◆ YOUR INSTRUCTIONS ◆
From the line that holds "Aukcja sprzedaży 2004" down to the last line of the listing below, transcribe exactly and only those lines. Leave pictures out.

◆ MATERIAL SUPPLIED ◆
******
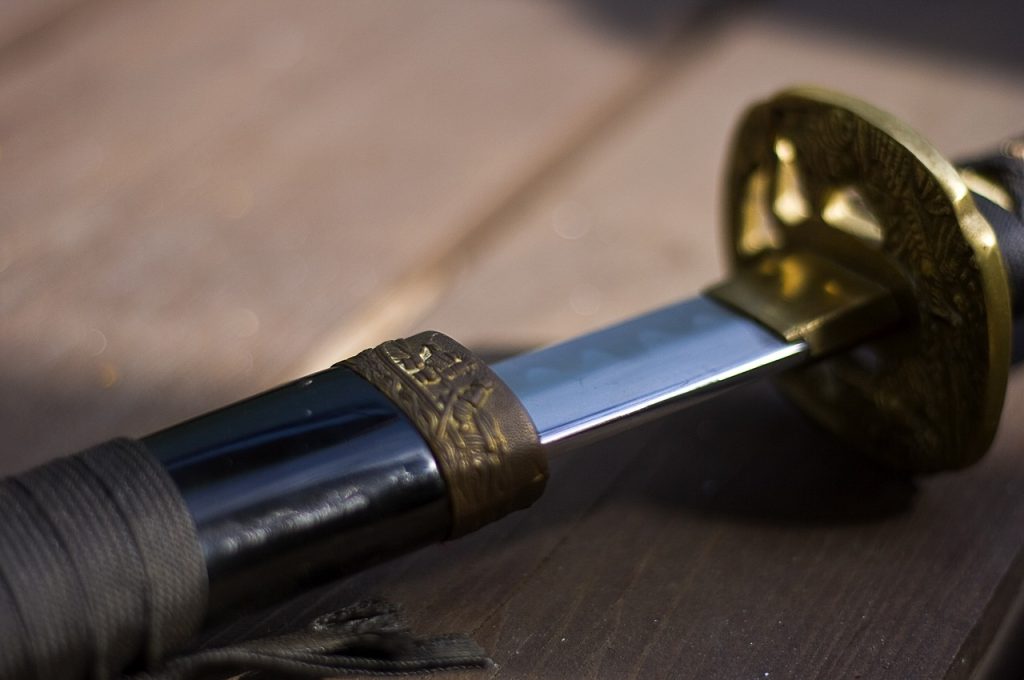 Katana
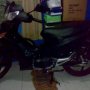 Jual Honda Supra X 125R pgm-fi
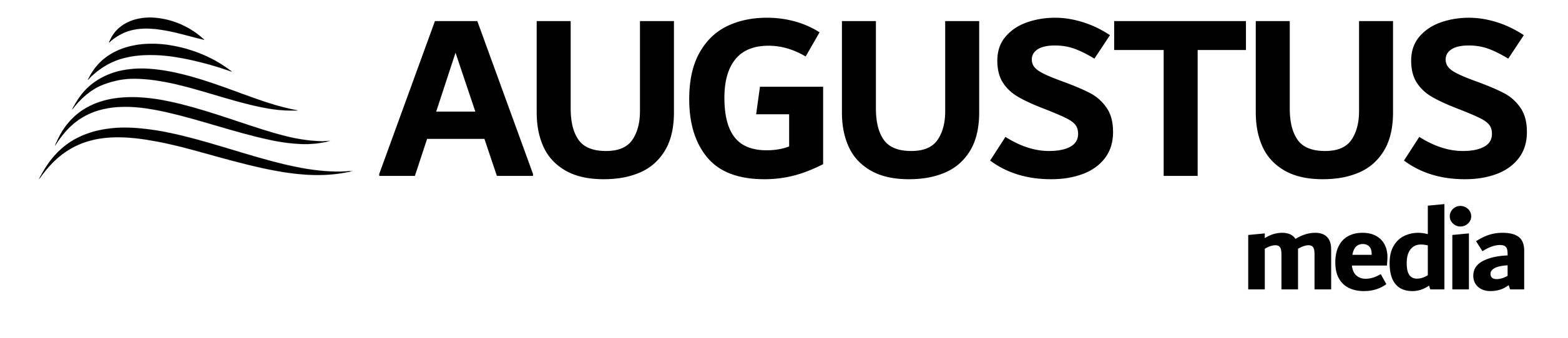 Augustus Media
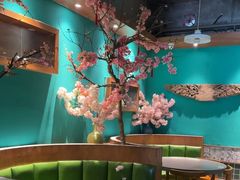 -食欲老院子荆芥疙瘩汤(经五路店)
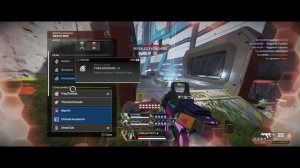 APEX LEGENDS XIM APEX SETTINGS pc 25,600 dpi + gameplay pc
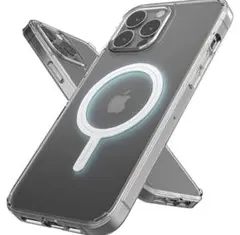 SINJIMORU iPhone 13 Pro Max MagSafe クリア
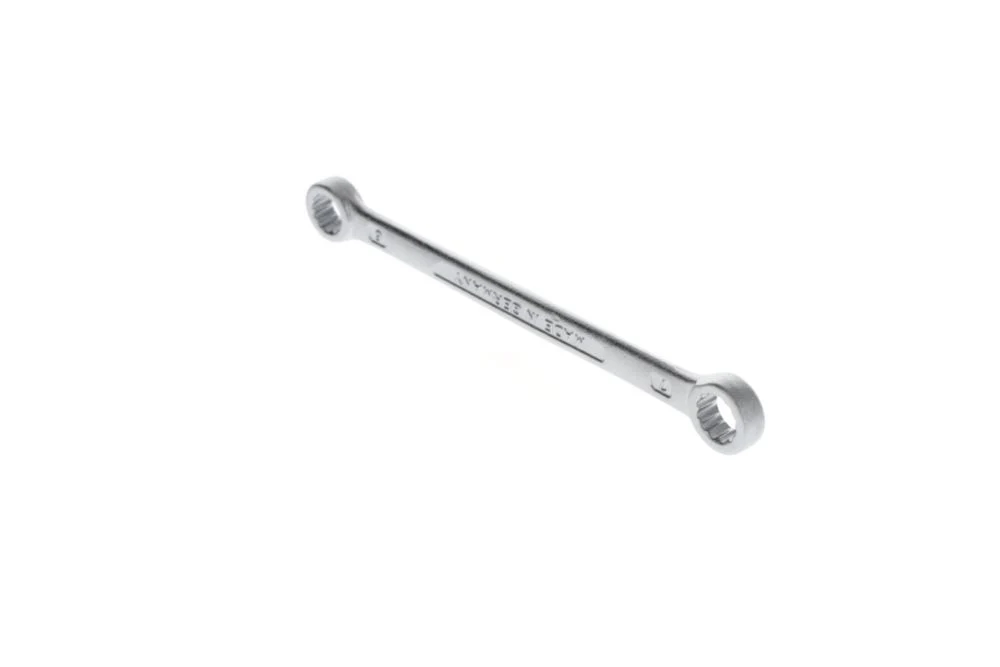 GEDORE llave de doble anillo 4 6 x 7 mm 99 mm ( 4000823060 )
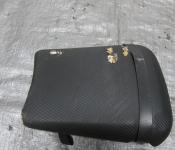 02-03 Yamaha R1 Rear Seat 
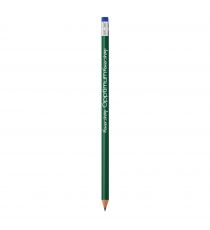 Crayon de papier BIC publicitaire avec gomme Ecolutions Evolution Classic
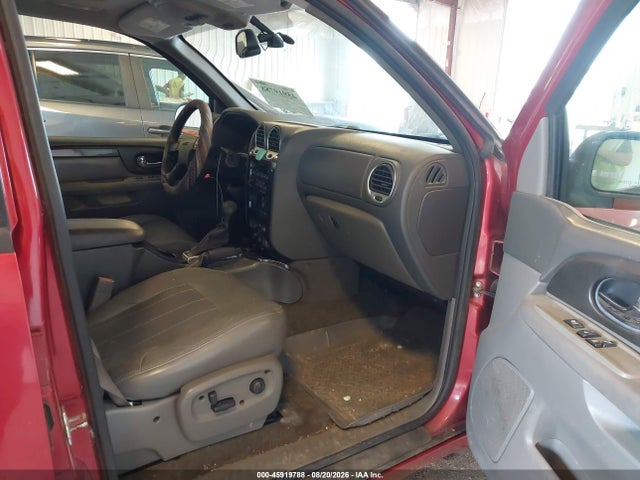 Aukcja sprzedaży 2004 Gmc Envoy Xuv Slt, vin: 1GKET12P546208802, numer aukcji: 45919788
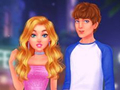 Juego My Secret Admirer Date Night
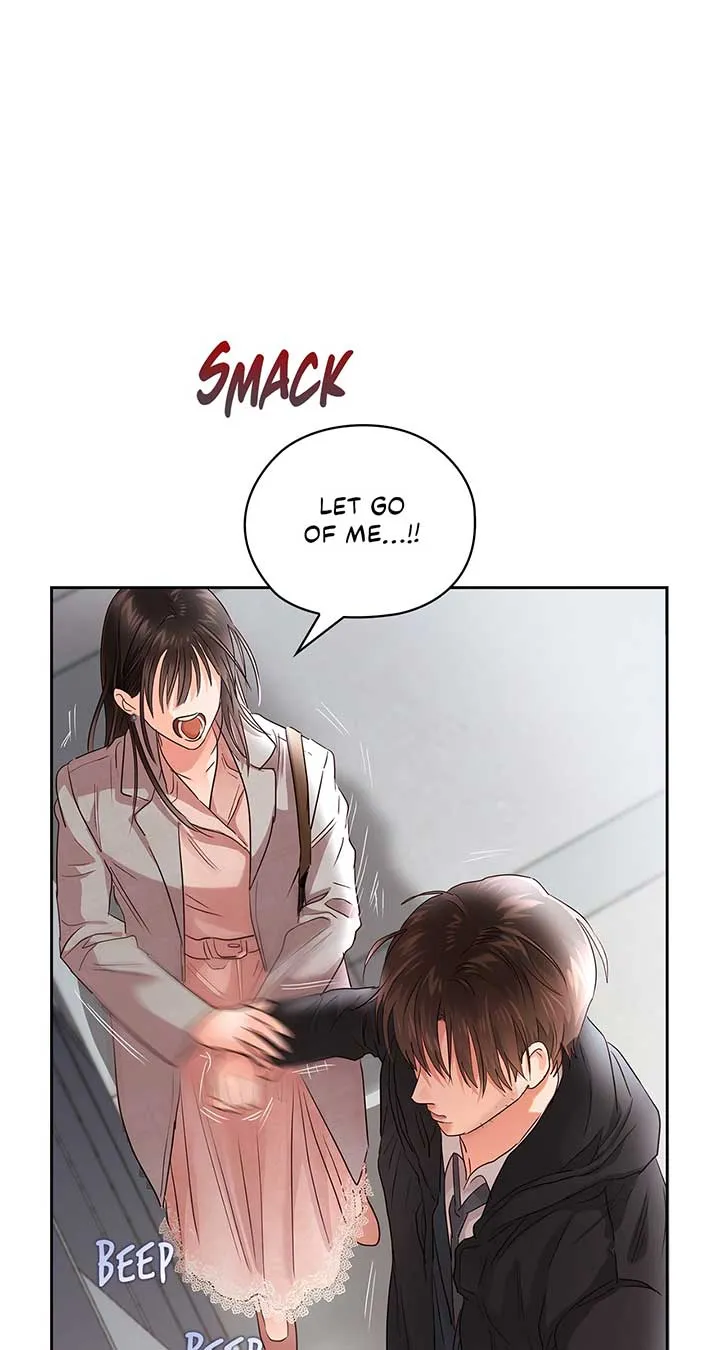 Quiet in the Office! Chapter 40 Online - pƔgina 80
******
◆ EXERCISE ANSWER ◆
 Aukcja sprzedaży 2004 Gmc Envoy Xuv Slt, vin: 1GKET12P546208802, numer aukcji: 45919788
 Juego My Secret Admirer Date Night
 Quiet in the Office! Chapter 40 Online - pƔgina 80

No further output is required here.